Assignment:
Output exactly the lines below, starting with the line that has "OEM Opel Vivaro" and going on through the line that has "Etnik Desenli Beli Kuşaklı Elbise", both included, and no other lines.
___ Raw data ___
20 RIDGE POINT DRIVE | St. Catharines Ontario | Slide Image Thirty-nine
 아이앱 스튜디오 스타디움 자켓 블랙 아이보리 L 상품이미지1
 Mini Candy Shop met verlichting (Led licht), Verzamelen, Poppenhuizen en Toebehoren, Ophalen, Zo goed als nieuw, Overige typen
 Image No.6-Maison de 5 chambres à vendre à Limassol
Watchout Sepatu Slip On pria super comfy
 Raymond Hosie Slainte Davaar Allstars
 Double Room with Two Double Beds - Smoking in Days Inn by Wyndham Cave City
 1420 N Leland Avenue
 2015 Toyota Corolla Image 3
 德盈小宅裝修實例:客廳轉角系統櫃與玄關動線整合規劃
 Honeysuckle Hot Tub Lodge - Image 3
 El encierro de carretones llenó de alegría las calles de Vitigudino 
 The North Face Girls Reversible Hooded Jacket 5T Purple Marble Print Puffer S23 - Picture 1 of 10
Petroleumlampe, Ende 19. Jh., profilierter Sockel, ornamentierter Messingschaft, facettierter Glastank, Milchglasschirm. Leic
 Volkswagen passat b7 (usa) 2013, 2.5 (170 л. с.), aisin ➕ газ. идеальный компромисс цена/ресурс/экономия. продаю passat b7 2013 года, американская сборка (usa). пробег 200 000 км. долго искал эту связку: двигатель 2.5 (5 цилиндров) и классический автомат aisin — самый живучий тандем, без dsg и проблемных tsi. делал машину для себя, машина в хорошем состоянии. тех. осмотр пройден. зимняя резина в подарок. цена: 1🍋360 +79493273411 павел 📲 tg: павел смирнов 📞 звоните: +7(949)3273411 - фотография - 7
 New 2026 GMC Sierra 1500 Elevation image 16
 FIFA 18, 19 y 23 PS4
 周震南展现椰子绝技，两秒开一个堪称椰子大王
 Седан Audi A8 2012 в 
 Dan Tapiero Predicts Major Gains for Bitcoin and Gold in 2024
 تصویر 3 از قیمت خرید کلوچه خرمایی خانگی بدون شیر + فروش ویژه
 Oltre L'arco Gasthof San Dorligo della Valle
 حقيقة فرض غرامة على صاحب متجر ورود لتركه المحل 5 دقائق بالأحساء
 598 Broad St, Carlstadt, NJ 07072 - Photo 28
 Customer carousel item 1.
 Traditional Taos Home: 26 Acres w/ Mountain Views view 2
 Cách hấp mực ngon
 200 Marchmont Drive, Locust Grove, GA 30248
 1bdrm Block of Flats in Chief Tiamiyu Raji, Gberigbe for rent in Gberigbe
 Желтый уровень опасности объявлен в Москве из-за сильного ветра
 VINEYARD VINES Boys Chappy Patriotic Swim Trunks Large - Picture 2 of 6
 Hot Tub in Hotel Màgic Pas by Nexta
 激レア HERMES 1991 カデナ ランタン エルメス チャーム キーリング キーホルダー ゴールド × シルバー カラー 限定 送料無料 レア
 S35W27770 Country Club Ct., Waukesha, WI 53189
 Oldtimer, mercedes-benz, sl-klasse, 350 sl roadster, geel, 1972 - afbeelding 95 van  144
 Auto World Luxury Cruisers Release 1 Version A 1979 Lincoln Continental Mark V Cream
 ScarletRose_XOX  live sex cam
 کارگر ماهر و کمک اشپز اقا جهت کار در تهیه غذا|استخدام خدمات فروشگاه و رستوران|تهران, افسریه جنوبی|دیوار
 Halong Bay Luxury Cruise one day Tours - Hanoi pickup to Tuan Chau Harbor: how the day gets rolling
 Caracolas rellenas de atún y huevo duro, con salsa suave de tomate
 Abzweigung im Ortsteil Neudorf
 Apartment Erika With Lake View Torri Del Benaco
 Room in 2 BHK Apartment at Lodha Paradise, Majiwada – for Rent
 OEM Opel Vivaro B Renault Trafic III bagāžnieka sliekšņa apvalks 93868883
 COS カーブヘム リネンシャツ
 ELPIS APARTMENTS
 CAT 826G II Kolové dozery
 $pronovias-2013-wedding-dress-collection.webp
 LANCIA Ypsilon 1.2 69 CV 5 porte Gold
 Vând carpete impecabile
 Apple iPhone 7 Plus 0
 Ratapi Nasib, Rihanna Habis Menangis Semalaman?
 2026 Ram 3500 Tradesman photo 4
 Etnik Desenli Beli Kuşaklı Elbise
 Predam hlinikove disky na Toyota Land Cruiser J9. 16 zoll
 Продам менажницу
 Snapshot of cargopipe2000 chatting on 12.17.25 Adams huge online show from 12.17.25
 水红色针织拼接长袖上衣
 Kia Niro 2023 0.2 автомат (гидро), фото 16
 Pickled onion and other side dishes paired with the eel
___
Answer below:
 OEM Opel Vivaro B Renault Trafic III bagāžnieka sliekšņa apvalks 93868883
 COS カーブヘム リネンシャツ
 ELPIS APARTMENTS
 CAT 826G II Kolové dozery
 $pronovias-2013-wedding-dress-collection.webp
 LANCIA Ypsilon 1.2 69 CV 5 porte Gold
 Vând carpete impecabile
 Apple iPhone 7 Plus 0
 Ratapi Nasib, Rihanna Habis Menangis Semalaman?
 2026 Ram 3500 Tradesman photo 4
 Etnik Desenli Beli Kuşaklı Elbise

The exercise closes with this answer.